PACELC theorem in general leads to four categories of systems:
- PC/EC: when there is a partition, the system chooses consistency over availability, and in normal operation, it chooses consistency over latency
- PA/EL: when there is a partition, the system chooses availability over consistency, and in normal operation, it chooses latency over consistency
- PC/EL: when there is a partition, the system chooses consistency over availability, and in a normal operation it chooses latency over consistency
- PA/EC: when there is a partition, the system chooses availability over consistency, and in a normal operation it chooses consistency over latency
Here are some examples of real datastores described by PACELC:
|MySQL (async replication)||MySQL (semi-sync replication)|
As you can see, almost all databases provide various config options to make it more available or more consistent depending on the user’s need. Zookeeper is strictly PC/EC because Zookeeper is used mainly for cluster coordination so consistency is the top priority. Hazelcast is analyzed in depth by Daniel Abady, check it out here. Regarding IMDGO (In-Memory Data Grid in Go), which you probably didn’t hear of, is a brand new in-memory KV storage (like Hazelcast) written by, well, myself, so I had to put it here 🙂
For PC/EL systems, in practice, they don’t make much sense, because what is the point to strive for low latency/high availability all the time, but when a partition occurs you grind to a halt?

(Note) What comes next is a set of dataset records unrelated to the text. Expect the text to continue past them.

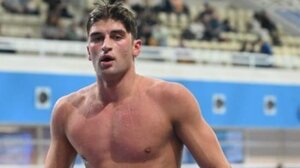 Ευρωπαϊκό Κολύμβησης: Ασημένιος ο Μάρκος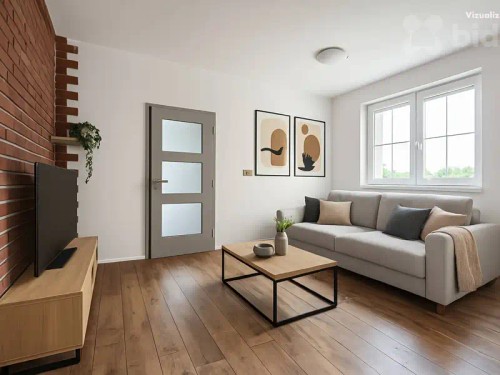 Prodaný byt 2+kk 40 m²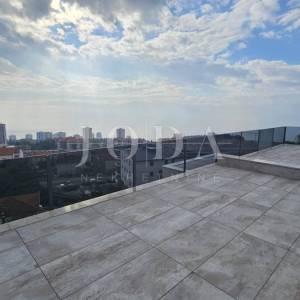 Zamet - dvosobni stan u novogradnji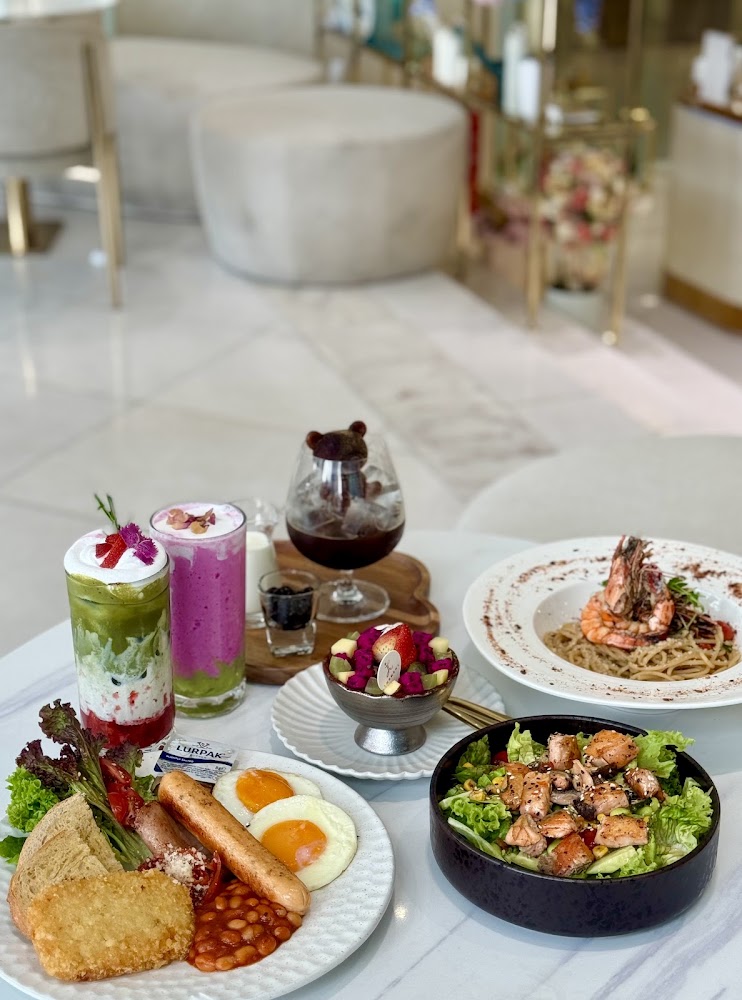 Imoment Café At Bangsar South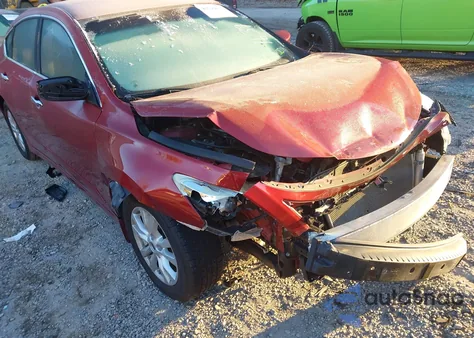 2014 Nissan Altima 2.5 S z USA, uszkodzony, nr VIN 1N4AL3AP3EN241639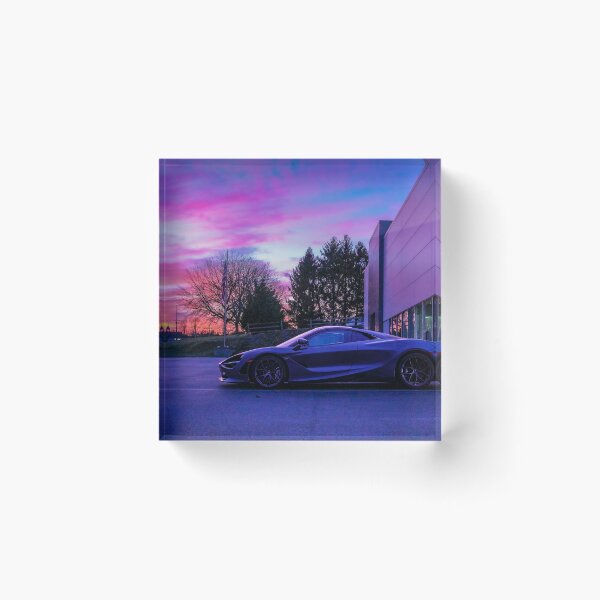 Item preview, Supercar at Sunset designed and sold by sleekcarspotter.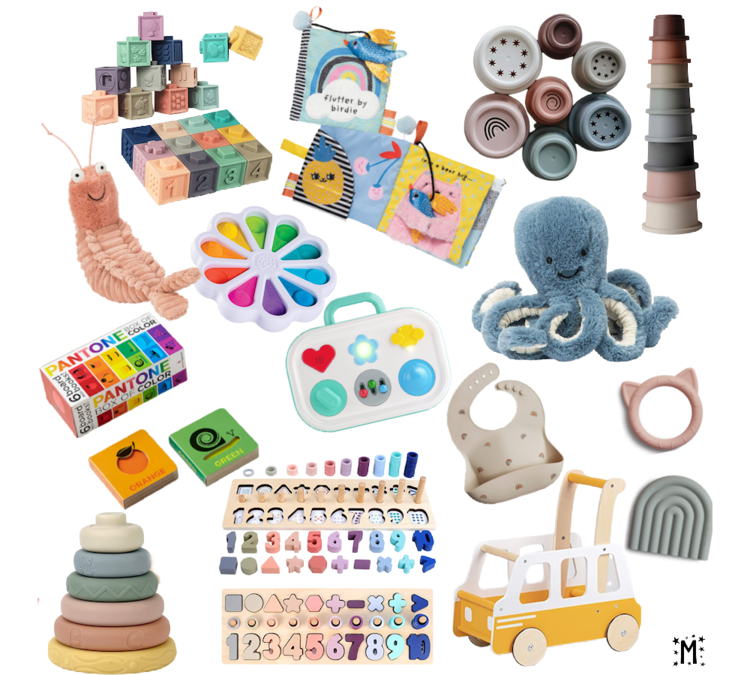 2020 Gift Guide - The Best Stocking Stuffers For Kids — MiLOWE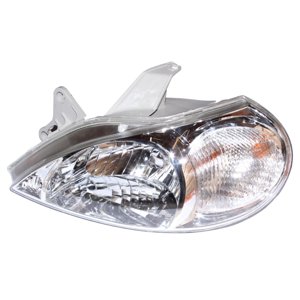 Repuestos Del Sol - Optico Izquierdo Kia Rio 1.3 2000 2002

But theoretically, they are possible and considered by PACELC.
It is also really important to note is that, unlike partition tolerance, which is a binary state (you have a partition or you don’t), consistency and latency range from low to high, for example, we have various levels of consistency, from the least strong like Read your writes to linearizability which is the strongest one (check this for consistency models refresher).
Making distributed systems is hard and physics prevents us from having a system that works as if it is like a single node (fast and consistent). We, depending on a particular problem that we target, need to make certain tradeoffs regarding the level of consistency we want. CAP theorem, and later PACELC theorem, helps us to describe the system in this regard thus helping us choose the one that is best for our use case. As soon as we come to a phase where our data has to be sharded and available in multiple locations it becomes important to understand what our backing datastore allows us to have and make future (and present) decisions based on that understanding. It is not good to expect and assume that our data will be, for example, strongly consistent when our database is actually designed for high availability first in mind.